Bug #93365 Query on performance_schema.data_locks causes replication issues
Submitted: 27 Nov 2018 14:39 Modified: 7 May 9:07
Reporter: Daniël van Eeden (OCA) Email Updates:
Status: Can't repeat Impact on me:
None 
Category:MySQL Server: Performance Schema Severity:S2 (Serious)
Version:8.0.12 OS:Any
Assigned to: CPU Architecture:Any
Tags: replication

[27 Nov 2018 14:39] Daniël van Eeden
Description:
Situation:
- SQL Thread: A big Delete_rows event
- Some monitoring colletor: SELECT * FROM performance_schema.data_locks

Result: 
Last_SQL_Error: Slave SQL thread retried transaction 10 time(s) in vain, giving up. Consider raising the value of the slave_transaction_retries variable.

2018-11-27T08:42:08.710441Z 5 [Warning] [MY-010584] [Repl] Slave SQL for channel '': Could not execute Delete_rows event on table foo.bar; Lock wait timeout exceeded; try restarting transaction, Error_code: 1205; handler error HA_ERR_LOCK_WAIT_TIMEOUT; the event's master log binlog.208550, end_log_pos 54871005, Error_code: MY-001205

Adding a MAX_EXECUTION_TIME query hint did help a bit, but removing the query on data_locks fixed the issue.

The query on data_locks also seemed to block 'show processlist' amongst others

How to repeat:
Query P_S data_locks every minute
Run a multi gigabyte Delete_rows event

Expected result: Replication continues and P_S query returns
Actual result: Replication retries on HA_ERR_LOCK_WAIT_TIMEOUT and dies after a number of retries.

Suggested fix:
Make P_S data_locks not block other processes.

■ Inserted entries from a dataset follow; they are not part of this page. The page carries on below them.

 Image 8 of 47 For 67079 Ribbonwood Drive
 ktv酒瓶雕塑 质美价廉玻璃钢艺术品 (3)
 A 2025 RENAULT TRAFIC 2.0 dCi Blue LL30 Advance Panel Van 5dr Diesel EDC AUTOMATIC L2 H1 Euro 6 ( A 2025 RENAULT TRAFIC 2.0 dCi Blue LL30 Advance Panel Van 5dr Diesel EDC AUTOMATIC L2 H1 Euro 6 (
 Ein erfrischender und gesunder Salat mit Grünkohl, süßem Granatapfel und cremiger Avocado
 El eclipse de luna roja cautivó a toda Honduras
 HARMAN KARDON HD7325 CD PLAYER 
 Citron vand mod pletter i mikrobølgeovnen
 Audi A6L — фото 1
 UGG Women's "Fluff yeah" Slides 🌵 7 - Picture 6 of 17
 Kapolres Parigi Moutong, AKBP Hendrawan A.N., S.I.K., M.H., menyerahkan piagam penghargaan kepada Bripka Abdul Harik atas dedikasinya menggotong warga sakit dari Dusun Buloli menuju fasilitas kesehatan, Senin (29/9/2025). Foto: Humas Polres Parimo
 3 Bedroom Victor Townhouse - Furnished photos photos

Note that on 5.7 we used INFORMATION_SCHEMA.INNODB_LOCKS instead. This didn't seem to cause the same issues (even on 8.0.x)
[3 Dec 2018 14:21] Sinisa Milivojevic
Hi,

Thank you for your bug report.

Yes, it is true that querying  P_S on data_locks will set locks that will prevent many operations, including the ones that you have mentioned.

Hence, this is a designed behaviour. However, if you wish, I can promote this bug report into the feature request that will split some of those locks into few more with more limited range of queries that would be affected.

What is your opinion on this proposition ???

Many thanks in advance.
[3 Dec 2018 18:58] Daniël van Eeden
Splitting this might help a bit. However I think the InnoDB specific tables this replaces didn't have this behaviour. Maybe the InnoDB specific tables should be brought back?

I think documentation should be updated with a clear warning about the implications of querying this table.
[6 Dec 2018 13:45] Sinisa Milivojevic
Hi Daniel,

I am in full agreement with you and I am verifying this as a code bug.

After a code bug is resolved, documentation has to be updated as well.

Thank you for your contribution.
[14 Jan 20:52] Sveta Smirnova
Sinisa,

Performance Schema is always advertised as a schema with fewer locks than Information Schema, not as one having more locks. Monitoring query which causes stalls of the useful job makes no sense.
[15 Jan 12:53] Sinisa Milivojevic
I agree that this change in behaviour goes against proclaimed objectives, so I am raising the Severity.
[7 May 9:07] Erlend Dahl
Despite our best efforts, we are unable to reproduce this problem.